Clarence Parker Brooklyn-New York Yankees (AAFC) & New York Yankees (AAFC) & Boston Yanks (NFL)
Ace Parker never really intended to play pro football when he completed his career as an All-American tailback at Duke University in 1936. His ambition was to be a major league baseball player and he signed a contract with the Philadelphia Athletics. But after the 1937 baseball season, he obtained permission from the Athletics to give pro football a try.
He joined the Brooklyn Dodgers of the National Football League, still really expecting to play out just one pro football season and then call it a career. History now records that the 1937 season wasn't "the end of it" for the 5-10, 178-pound fireball.
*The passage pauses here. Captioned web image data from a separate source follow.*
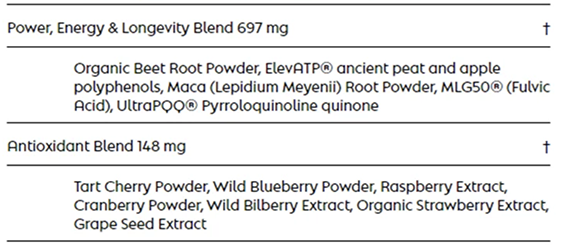L'Evate You power blend and antioxidant blend ingredients
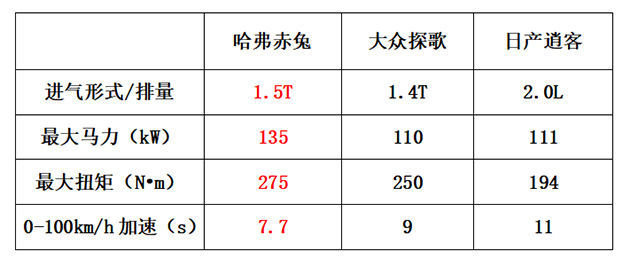 哈弗赤兔\逍客\探歌 动力对比表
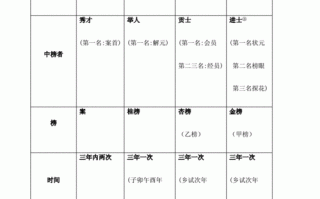 古代学校常识（古代学校相关知识）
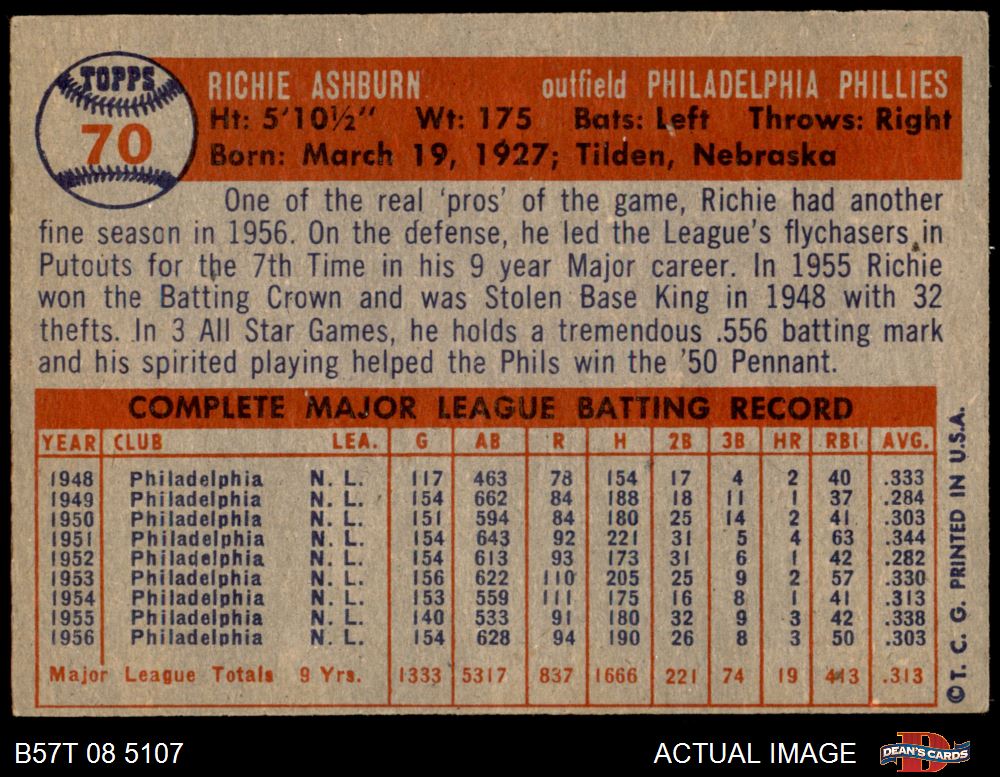 Richie Ashburn 1957 Topps #70 Philadelphia Phillies VG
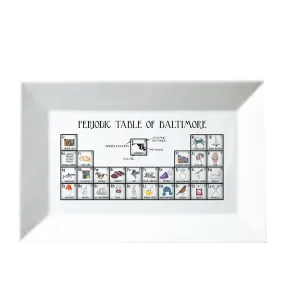 Periodic Table of Baltimore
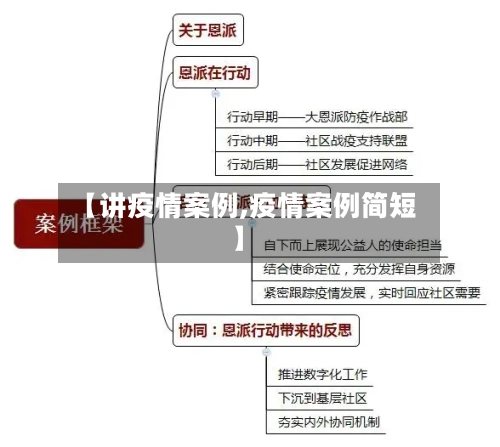 【讲疫情案例,疫情案例简短】-第1张图片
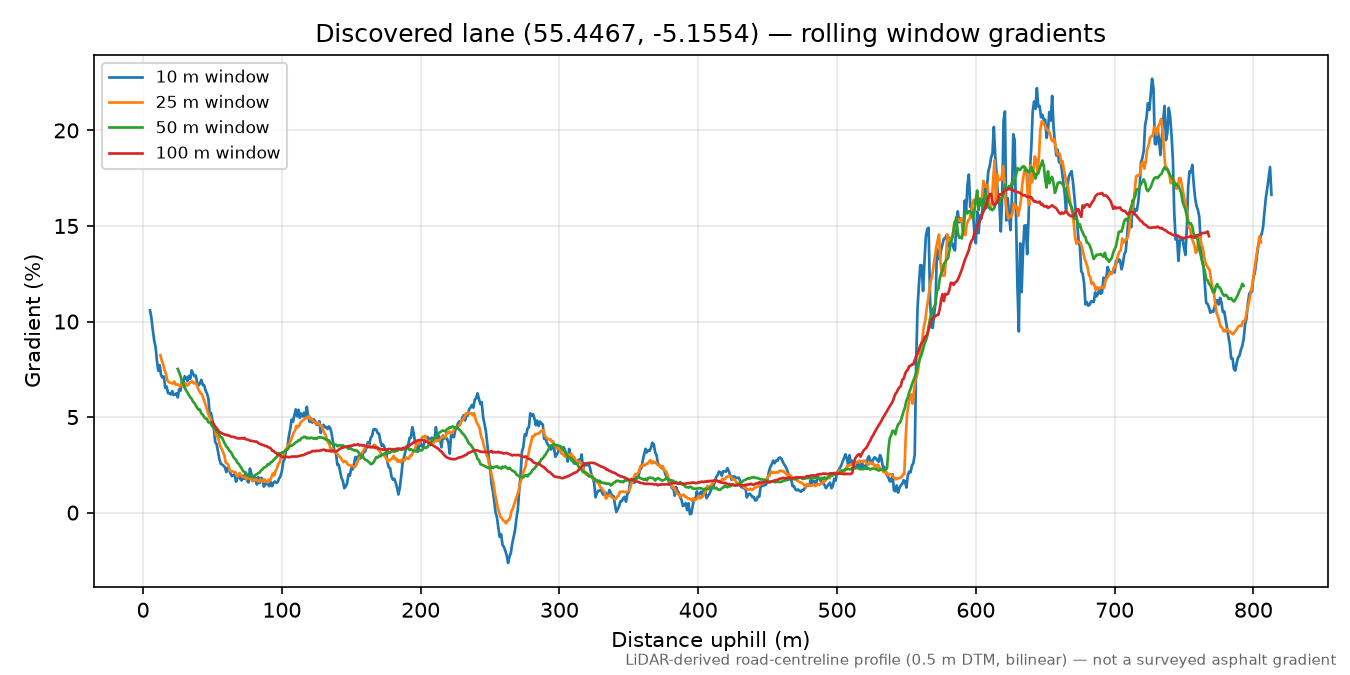 Levencorroch Hill to Levencorroch rolling gradient profile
Ace stayed with the Dodgers until World War II military service interrupted his career in 1942.
He returned to the pros in 1945 with the Boston Yanks then added a brilliant final campaign with the New York Yankees of the All-America Football Conference in 1946.
Interestingly, it was baseball and not the huge NFL linemen that Ace faced every weekend that proved to be the biggest stumbling block in his career. Broken ankles twice endangered his pro football career and, in 1940, he won Most Valuable Player honors in the NFL even though he had suffered a broken left ankle in a summer baseball game that year. For the first three weeks of the season, he had to wear a 10-pound brace that extended from his ankle to his knee.
Ace wasn't exceptionally fast anyway, but he continued doing just what he had always done – running, passing, catching passes, punting, placekicking, returning punts and kickoffs and playing defense. The Brooklyn Dodgers of the early 1940s were a constant threat to the New York Giants and Washington Redskins for supremacy in their division and Parker was the guiding force of the Dodgers attack.